SNCB Class 22 Locomotives were owned by the National Railway Company of Belgium, also known as Nationale Maatschappij der Belgische Spoorwegen (or NMBS, Dutch) or Société Nationale des Chemins de fer Belges (or SNCB, French), the Belgian national railway operator.

Class 22 locomotives were part of the 1950s generation of SNCB electric locomotives that included Types 122 (later 22), 123 (later 23), 125, (later 25 and 25.5) and 140 (later 125.100, 25 and 25.5) built between 1953 and 1961. There were 50 Series 122, 83 Series 123, 16 Series 125 and 6 Series 140 for a total of 155 locomotives. They were seen across Belgium on passenger and freight trains until they were retired. There was no difference in power between the classes as they all used the same electric motors and control equipment.

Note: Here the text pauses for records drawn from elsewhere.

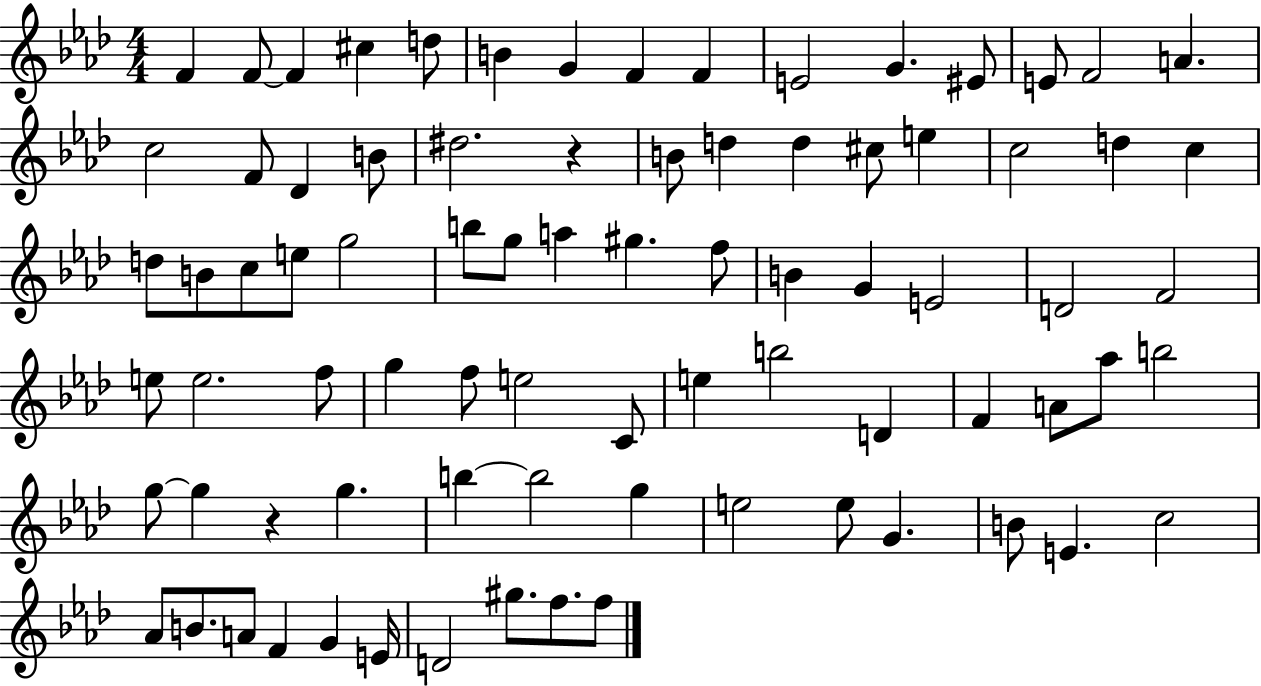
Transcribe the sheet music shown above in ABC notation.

X:1
T:Untitled
M:4/4
L:1/4
K:Ab
F F/2 F ^c d/2 B G F F E2 G ^E/2 E/2 F2 A c2 F/2 _D B/2 ^d2 z B/2 d d ^c/2 e c2 d c d/2 B/2 c/2 e/2 g2 b/2 g/2 a ^g f/2 B G E2 D2 F2 e/2 e2 f/2 g f/2 e2 C/2 e b2 D F A/2 _a/2 b2 g/2 g z g b b2 g e2 e/2 G B/2 E c2 _A/2 B/2 A/2 F G E/4 D2 ^g/2 f/2 f/2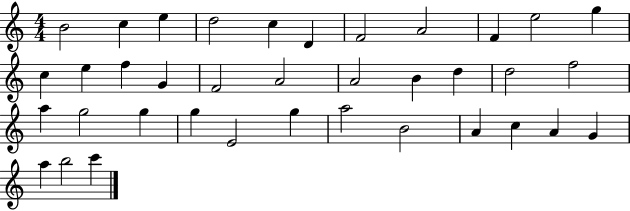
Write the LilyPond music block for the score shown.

{
  \clef treble
  \numericTimeSignature
  \time 4/4
  \key c \major
  b'2 c''4 e''4 | d''2 c''4 d'4 | f'2 a'2 | f'4 e''2 g''4 | \break c''4 e''4 f''4 g'4 | f'2 a'2 | a'2 b'4 d''4 | d''2 f''2 | \break a''4 g''2 g''4 | g''4 e'2 g''4 | a''2 b'2 | a'4 c''4 a'4 g'4 | \break a''4 b''2 c'''4 | \bar "|."
}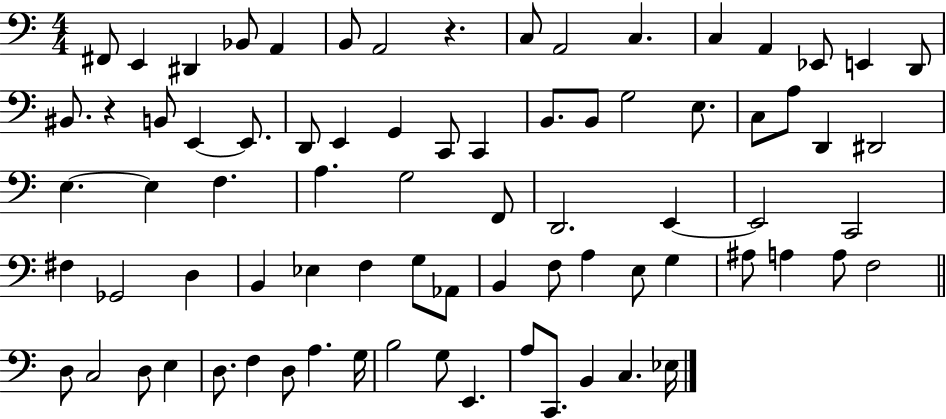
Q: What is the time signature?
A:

Class 22 was originally designated as Type 122 prior to introduction of the 1971 numbering system. The original numbers were 122.001-122.050. In 1957 the last 10 locos were given dual voltage (1500 and 3000 Volts DC) capability plus a third headlight so they could run on the NS. They were renumbered to 122.201-210. Later 122.039 and 122.040 were also converted and renumbered to 122.211 and 122.212. Loco 120.038 was given a third headlight and renumbered 122.210 and used as a display during the 1958 exposition in Brussels but did not work in service with this number. This subterfuge allowed all of the real 122.200s to remain in service for the extra traffic generated by the exposition. This also happened with one of the AFB-GM diesel locos at the same time. 202.011 was temporarily renumbered to 204.009 for the same reason.

2202 was later fitted with nonstandard ventilation grilles as a test. No others were converted.

The class was withdrawn in 2009, 56 years after its introduction with all but a few still in running condition. Their last working duties included peak hour trains and banking at Liège.

2201 is preserved by the PFT-TSP railway preservation group.